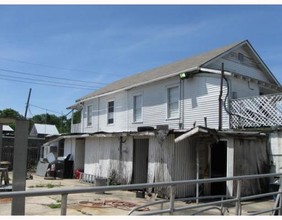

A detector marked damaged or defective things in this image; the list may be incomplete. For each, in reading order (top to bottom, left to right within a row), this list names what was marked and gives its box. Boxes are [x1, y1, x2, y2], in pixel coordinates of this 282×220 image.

damaged exterior [43, 40, 282, 199]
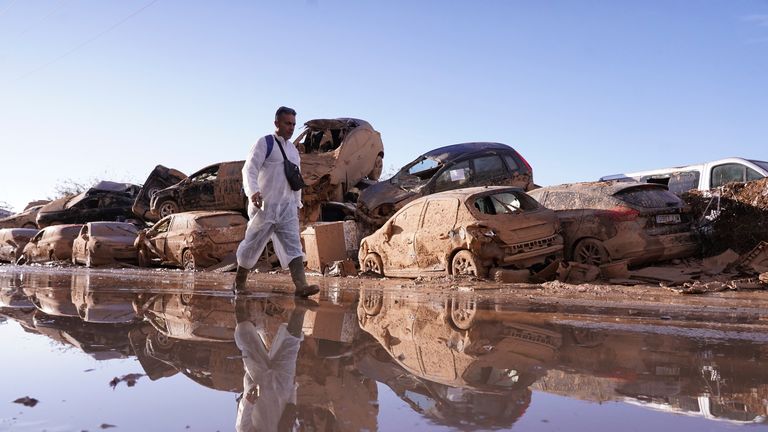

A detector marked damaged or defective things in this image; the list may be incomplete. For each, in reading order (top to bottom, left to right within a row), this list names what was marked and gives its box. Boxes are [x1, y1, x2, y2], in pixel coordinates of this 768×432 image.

destroyed car [0, 228, 38, 262]
crushed car [0, 228, 38, 262]
destroyed car [0, 202, 47, 230]
crushed car [0, 202, 49, 230]
crushed car [17, 226, 83, 264]
destroyed car [18, 226, 82, 264]
crushed car [35, 181, 140, 228]
destroyed car [36, 181, 141, 230]
destroyed car [71, 223, 140, 266]
crushed car [71, 223, 140, 266]
destroyed car [131, 165, 187, 221]
crushed car [131, 165, 187, 221]
crushed car [135, 210, 246, 270]
destroyed car [136, 210, 246, 268]
crushed car [146, 119, 384, 224]
destroyed car [356, 143, 532, 230]
crushed car [356, 143, 532, 230]
destroyed car [356, 185, 560, 276]
crushed car [356, 185, 560, 278]
destroyed car [532, 180, 700, 266]
crushed car [528, 180, 704, 266]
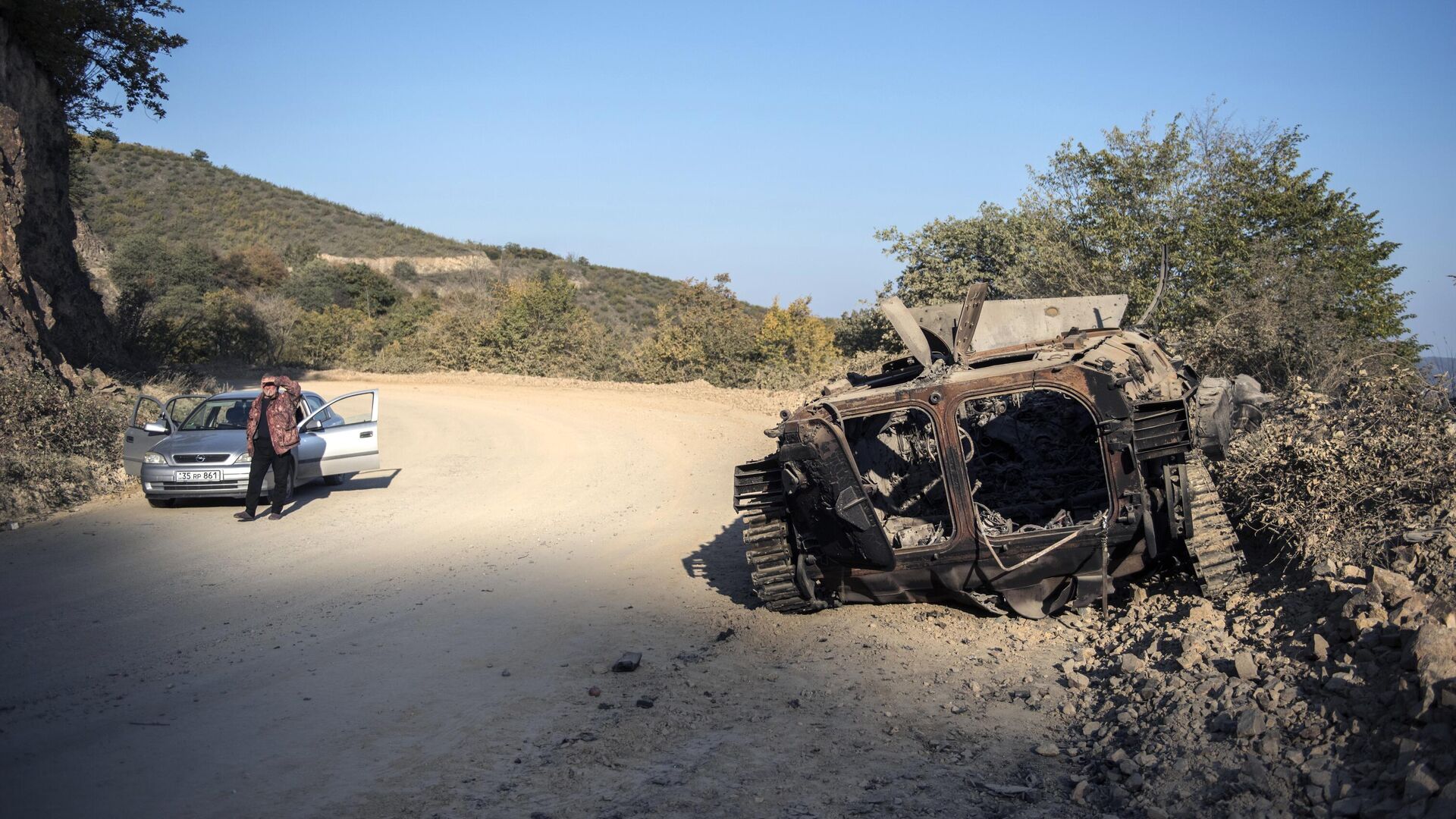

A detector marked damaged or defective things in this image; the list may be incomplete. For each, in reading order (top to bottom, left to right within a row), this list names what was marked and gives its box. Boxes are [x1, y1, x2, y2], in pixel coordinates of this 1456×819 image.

charred interior [844, 405, 955, 548]
burned military vehicle [733, 284, 1246, 614]
destroyed armored vehicle [739, 284, 1252, 614]
charred interior [961, 388, 1106, 536]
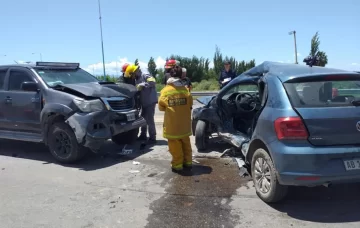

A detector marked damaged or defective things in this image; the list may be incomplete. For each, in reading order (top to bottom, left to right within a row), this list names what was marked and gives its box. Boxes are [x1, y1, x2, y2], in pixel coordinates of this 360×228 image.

crumpled hood [54, 82, 138, 98]
damaged front bumper [65, 109, 147, 152]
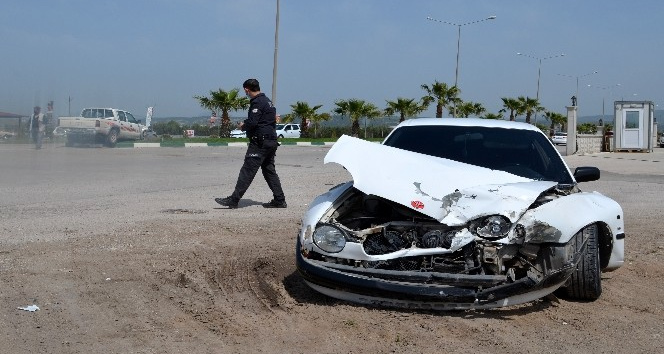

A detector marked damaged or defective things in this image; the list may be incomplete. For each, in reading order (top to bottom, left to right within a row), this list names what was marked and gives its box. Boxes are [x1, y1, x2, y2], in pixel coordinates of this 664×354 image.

broken headlight [312, 225, 348, 253]
crumpled hood [324, 135, 556, 224]
damaged front bumper [296, 235, 588, 310]
wrecked white car [298, 119, 624, 310]
broken headlight [474, 214, 510, 239]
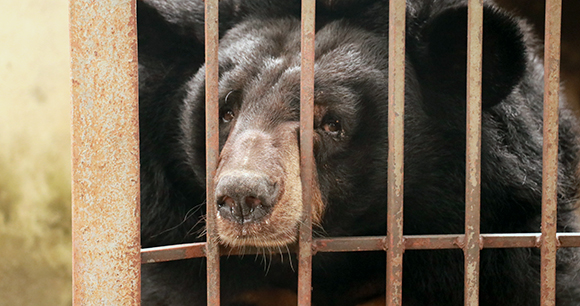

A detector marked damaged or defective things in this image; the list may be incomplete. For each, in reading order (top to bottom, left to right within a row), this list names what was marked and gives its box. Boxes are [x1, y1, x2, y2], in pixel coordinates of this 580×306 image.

rusty metal bar [70, 0, 140, 304]
rusty metal bar [205, 0, 221, 304]
rusty metal bar [300, 0, 318, 304]
rusty metal bar [138, 234, 580, 262]
rusty metal bar [388, 0, 406, 304]
rusty metal bar [464, 1, 482, 304]
rusty metal bar [540, 0, 560, 304]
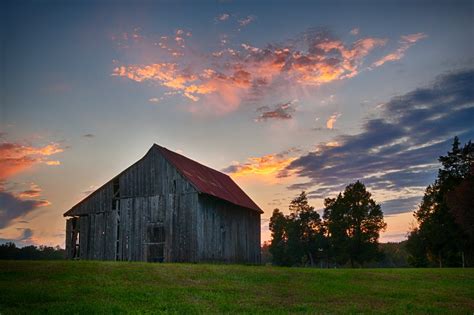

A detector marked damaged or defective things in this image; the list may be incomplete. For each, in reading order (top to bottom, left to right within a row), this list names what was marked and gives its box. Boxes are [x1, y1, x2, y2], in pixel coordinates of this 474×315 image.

rusty red roof [157, 144, 264, 214]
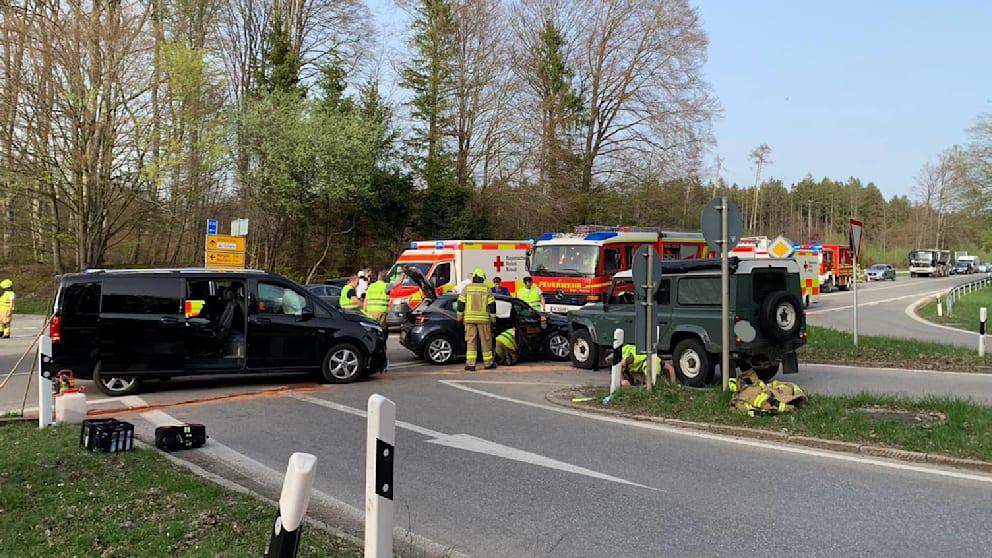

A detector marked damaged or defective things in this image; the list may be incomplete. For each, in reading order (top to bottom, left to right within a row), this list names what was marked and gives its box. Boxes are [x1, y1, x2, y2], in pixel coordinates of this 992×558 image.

crashed vehicle [398, 268, 568, 366]
crashed vehicle [564, 260, 808, 388]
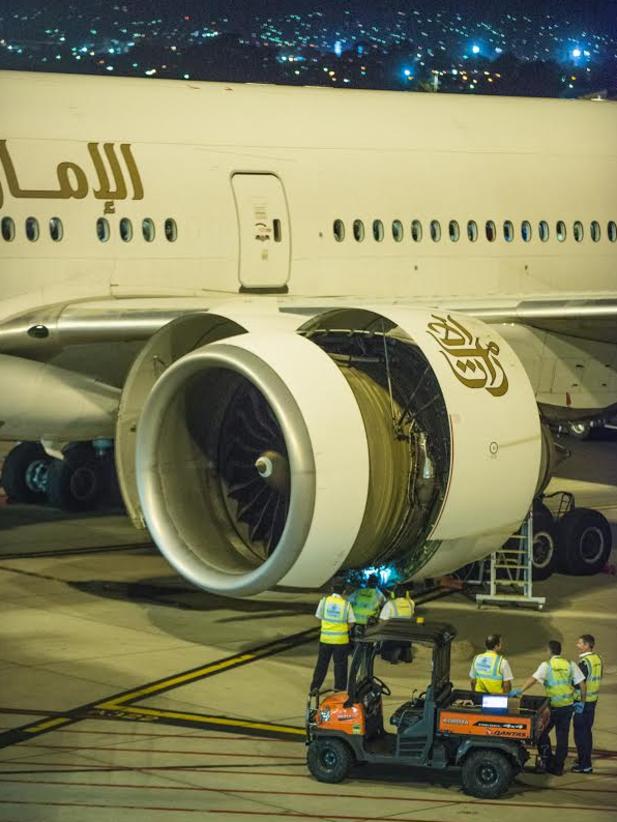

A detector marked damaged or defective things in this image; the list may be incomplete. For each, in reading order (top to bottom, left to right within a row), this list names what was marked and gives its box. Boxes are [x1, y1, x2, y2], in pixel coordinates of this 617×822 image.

damaged engine cowling [126, 306, 544, 596]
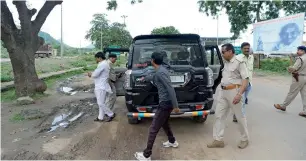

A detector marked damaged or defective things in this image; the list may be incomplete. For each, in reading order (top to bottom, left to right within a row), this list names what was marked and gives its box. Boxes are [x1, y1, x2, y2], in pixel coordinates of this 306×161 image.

muddy pothole [37, 98, 97, 133]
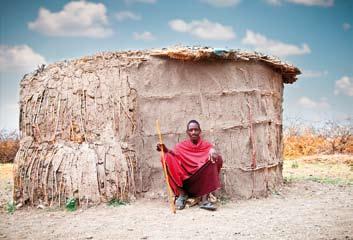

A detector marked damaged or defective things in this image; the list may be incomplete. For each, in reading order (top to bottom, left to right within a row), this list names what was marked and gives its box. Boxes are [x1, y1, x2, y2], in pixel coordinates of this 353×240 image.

cracked mud wall [15, 51, 286, 206]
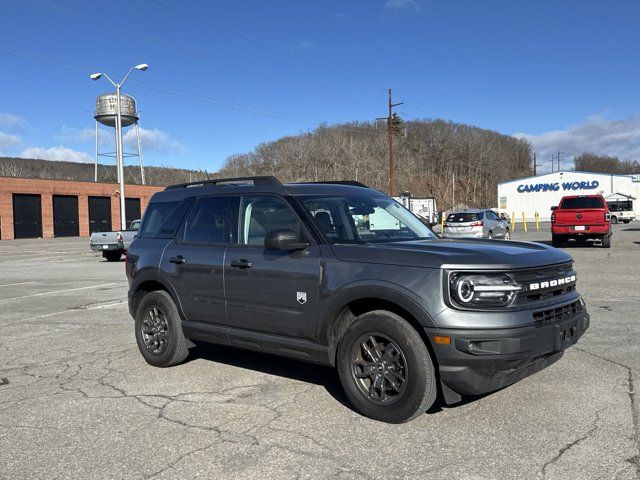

_ _ _ _

__YOUR INSTRUCTIONS__: What is needed is a word-for-word copy of the data above, free of any images.

__RESPONSE TO THIS TASK__:
A detector marked damaged or defective things in this image; the list may be incomplete. For each, in reading order (top to bottom, left to right within a row), this list names what was marked and gives its box. Boxes are [x1, y1, x2, y2], in pixel coordinates of this 282×220 image.

damaged exterior [43, 40, 282, 199]

A detector marked damaged or defective things in this image; the list may be incomplete. For each, in reading order (top to bottom, left to right within a row), this list names what was marked and gives its box. Boxes are [x1, y1, x2, y2], in pixel coordinates of this 768×432 image.

destroyed car [0, 228, 38, 262]
crushed car [0, 228, 38, 262]
destroyed car [0, 202, 47, 230]
crushed car [0, 202, 49, 230]
crushed car [17, 226, 83, 264]
destroyed car [18, 226, 82, 264]
crushed car [35, 181, 140, 228]
destroyed car [36, 181, 141, 230]
destroyed car [71, 223, 140, 266]
crushed car [71, 223, 140, 266]
destroyed car [131, 165, 187, 221]
crushed car [131, 165, 187, 221]
crushed car [135, 210, 246, 270]
destroyed car [136, 210, 246, 268]
crushed car [146, 119, 384, 224]
destroyed car [356, 143, 532, 230]
crushed car [356, 143, 532, 230]
destroyed car [356, 185, 560, 276]
crushed car [356, 185, 560, 278]
destroyed car [532, 180, 700, 266]
crushed car [528, 180, 704, 266]

A detector marked damaged or defective things in this image; the list may be incomplete. For each, in reading order (top to bottom, left to right within a row), this list names what was marked and gives its box. Boxes are [x1, y1, x2, y2], in pixel coordinates of this 1456×819 image.

charred interior [844, 405, 955, 548]
burned military vehicle [733, 284, 1246, 614]
destroyed armored vehicle [739, 284, 1252, 614]
charred interior [961, 388, 1106, 536]

A detector marked damaged or defective things in this image; the list may be incomplete. For each, in reading order (top to bottom, left to right within a row), this list names what was marked and gives its box. Boxes are [x1, y1, x2, y2], in pixel coordinates of this 360×228 image.

crumpled hood [54, 82, 138, 98]
damaged front bumper [65, 109, 147, 152]

A detector marked damaged or defective things in this image; the list may be incomplete. For each, in reading order (top to bottom, left to right within a row), this list names what was marked and gives its box. Boxes are [x1, y1, x2, y2], in pixel coordinates of this 664×354 image.

broken headlight [312, 225, 348, 253]
crumpled hood [324, 135, 556, 224]
damaged front bumper [296, 235, 588, 310]
wrecked white car [298, 119, 624, 310]
broken headlight [474, 214, 510, 239]

A detector marked damaged or defective things in this image; the list may be incomplete. For each, in reading order (top to bottom, left to right within a row), this list names what was marked and gives its box. Boxes are [x1, y1, x2, y2], in pixel coordinates of this 580×306 image.

rusty metal bar [70, 0, 140, 304]
rusty metal bar [205, 0, 221, 304]
rusty metal bar [300, 0, 318, 304]
rusty metal bar [138, 234, 580, 262]
rusty metal bar [388, 0, 406, 304]
rusty metal bar [464, 1, 482, 304]
rusty metal bar [540, 0, 560, 304]

A detector marked damaged or defective things in this image; the list may be incomplete. For each, in reading order (top to bottom, left to right within a row), this list names what was marked and gives its box. Boxes are [x1, y1, x2, y2], in pixel coordinates of this 474×315 image.

rusty red roof [157, 144, 264, 214]

A detector marked damaged or defective things in this image; the list may be incomplete. For each, in reading order (top to bottom, left to right within a row), this list names what was marked and gives its box. Boxes are [x1, y1, x2, y2], in pixel coordinates of this 992×558 image.

crashed vehicle [398, 268, 568, 366]
crashed vehicle [564, 260, 808, 388]

A detector marked damaged or defective things in this image; the list may be incomplete. For each, in reading order (top to bottom, left to right within a row), this list names what was marked and gives its box. Boxes are [x1, y1, x2, y2], in pixel coordinates of this 617×822 image.

damaged engine cowling [126, 306, 544, 596]

A detector marked damaged or defective things in this image; the list may be incomplete. For each, in reading order (top to bottom, left to right within a row), this list names what was marked and gives its box. Boxes are [x1, y1, x2, y2], in pixel coordinates of this 306×161 image.

muddy pothole [37, 98, 97, 133]

A detector marked damaged or defective things in this image; the list may be incomplete. For each, in reading order (top to bottom, left to right within a row), this list names what was marked and gives its box. Boxes are [x1, y1, x2, y2], in pixel coordinates of this 353×240 image.

cracked mud wall [15, 51, 286, 206]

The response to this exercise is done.